Le 30 avril 2026, le conseil municipal de Bastia a voté une hausse de 13,67 % du taux de taxe foncière, porté de 36,58 % à 41,58 %. Premier acte budgétaire du nouveau maire Gilles Simeoni, et première hausse depuis 2009. Dans une ville où six habitants sur dix sont locataires, la facture se concentre sur une base étroite. Montants par profil et simulateur du surcoût.
Illustration : Taxe foncière à Bastia en 2026 : la première hausse depuis 2009.
À Bastia, le taux de taxe foncière n'avait pas bougé depuis 2009. Il vient de bouger. Le 30 avril 2026, le conseil municipal a voté un budget de 114 millions d'euros assorti d'une hausse de 13,67 % du taux communal, porté de 36,58 % à 41,58 %. C'est le premier acte budgétaire de Gilles Simeoni, élu maire un mois plus tôt. La particularité bastiaise n'est pas seulement l'ampleur de la hausse : c'est le nombre de personnes qui vont la payer. Dans une ville où six habitants sur dix sont locataires, et où le désordre foncier corse laisse encore des biens sans propriétaire identifié, la facture se concentre sur une base étroite. Voici ce que cela représente, profil par profil.
Le taux communal de la taxe foncière sur les propriétés bâties à Bastia est de 41,58 % en 2026, contre 36,58 % de 2009 à 2025. La hausse, de 13,67 %, a été votée avec le budget primitif le 30 avril 2026. Source : délibération budgétaire de la ville de Bastia, avril 2026 ; taux de fiscalité directe locale, DGFiP.
Votre avis de taxe foncière n'affiche pas un chiffre unique. Il empile plusieurs lignes votées par des collectivités différentes, toutes calculées sur la même base d'imposition. À Bastia, c'est la part communale qui pèse l'essentiel de la note.
| Ligne d'imposition | Taux 2026 | Évolution |
|---|---|---|
| Taxe foncière bâti, part communale | 41,58 % | +13,67 % (36,58 % jusqu'en 2025) |
| Taxe foncière non bâti, part communale | 63,03 % | inchangé |
| Taxe d'habitation (résidences secondaires) | 20,54 % | inchangé |
| Majoration sur les résidences secondaires | 50 % | inchangé |
Seule la taxe foncière bâtie augmente. Les autres taux votés par la commune restent au niveau de 2025. Autrement dit, la ville a choisi d'actionner un seul levier, celui qui rapporte le plus, et de le pousser fort.
La hausse du taux n'est pas la seule cause de l'augmentation de votre avis. Chaque année, l'État revalorise automatiquement les bases d'imposition en fonction de l'inflation harmonisée : +0,8 % pour 2026. Cette revalorisation s'applique partout en France, indépendamment de toute décision locale.

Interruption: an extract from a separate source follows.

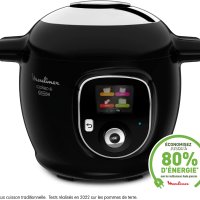 Мултикукър Moulinex Cookeo + Connect с дигитален кантар 6L 6 функции на готвене, снимка 3 - Мултикукъри - 40870143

À Bastia, les deux mouvements se cumulent cette année : la hausse du taux votée par la commune, et la revalorisation nationale des bases.

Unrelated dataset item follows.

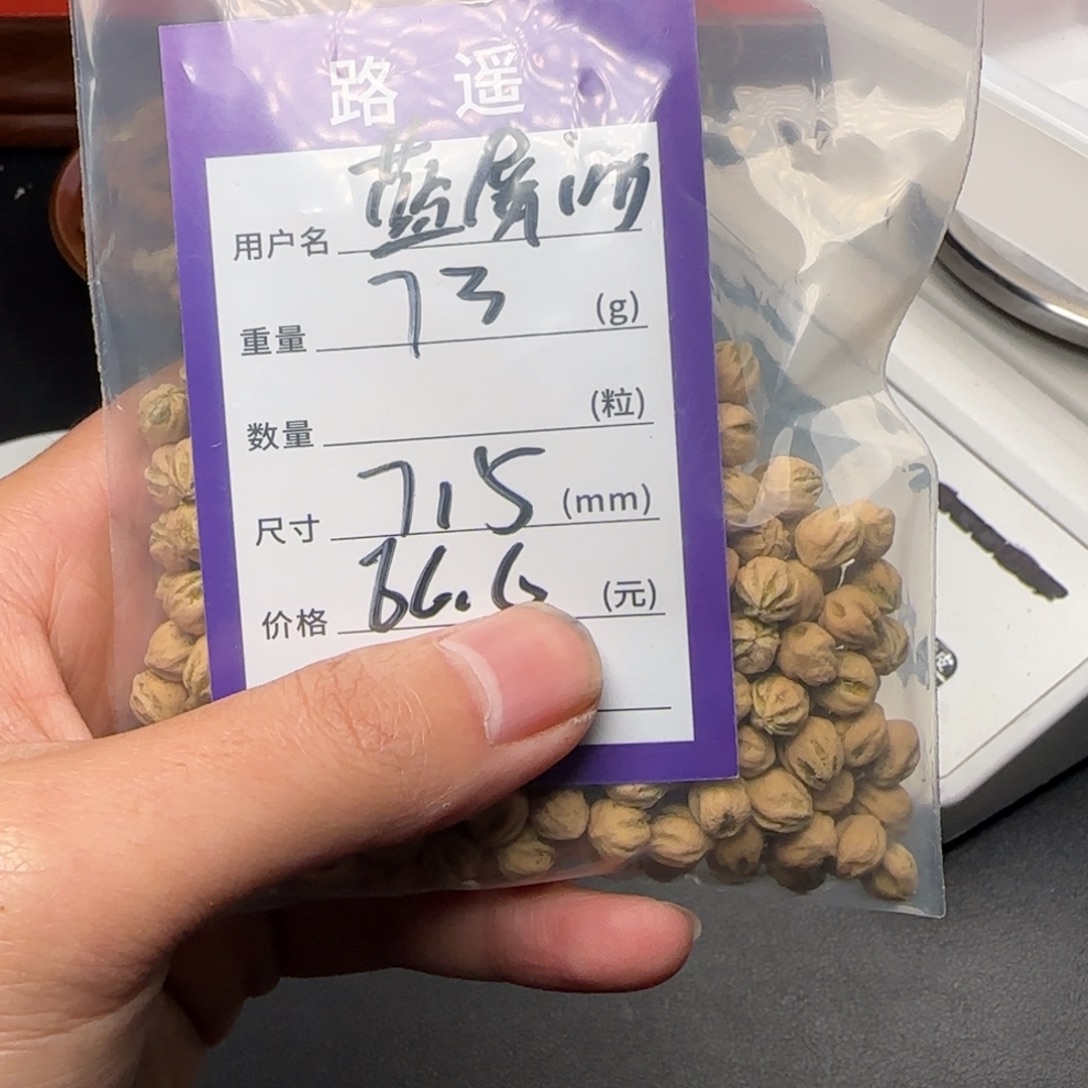 蓝***g柏香籽/百香籽吊坠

La municipalité invoque une contraction de ses marges de manœuvre financières : hausse des charges de personnel, inflation des coûts de fonctionnement et resserrement des concours de l'État. La hausse doit rapporter environ 3 millions d'euros par an. Source : présentation du budget primitif 2026, ville de Bastia, 30 avril 2026.
Le contexte politique est celui d'un changement de tête. Gilles Simeoni a été élu maire de Bastia au second tour des municipales de mars 2026, avec 44,49 % des voix, dix ans après avoir quitté ce même fauteuil pour prendre la présidence du Conseil exécutif de Corse. Le budget du 30 avril 2026 est son premier acte de gestion.
L'argument avancé par l'adjoint aux finances, Didier Grassi, tient en une phrase : une forte baisse des marges de manœuvre qui nécessite une augmentation. Les charges de personnel de la ville ont progressé d'environ 6 millions d'euros en quatre ans, dont 2 millions attendus entre 2025 et 2026, ce qui absorbe à soi seul les deux tiers du produit nouveau de la hausse.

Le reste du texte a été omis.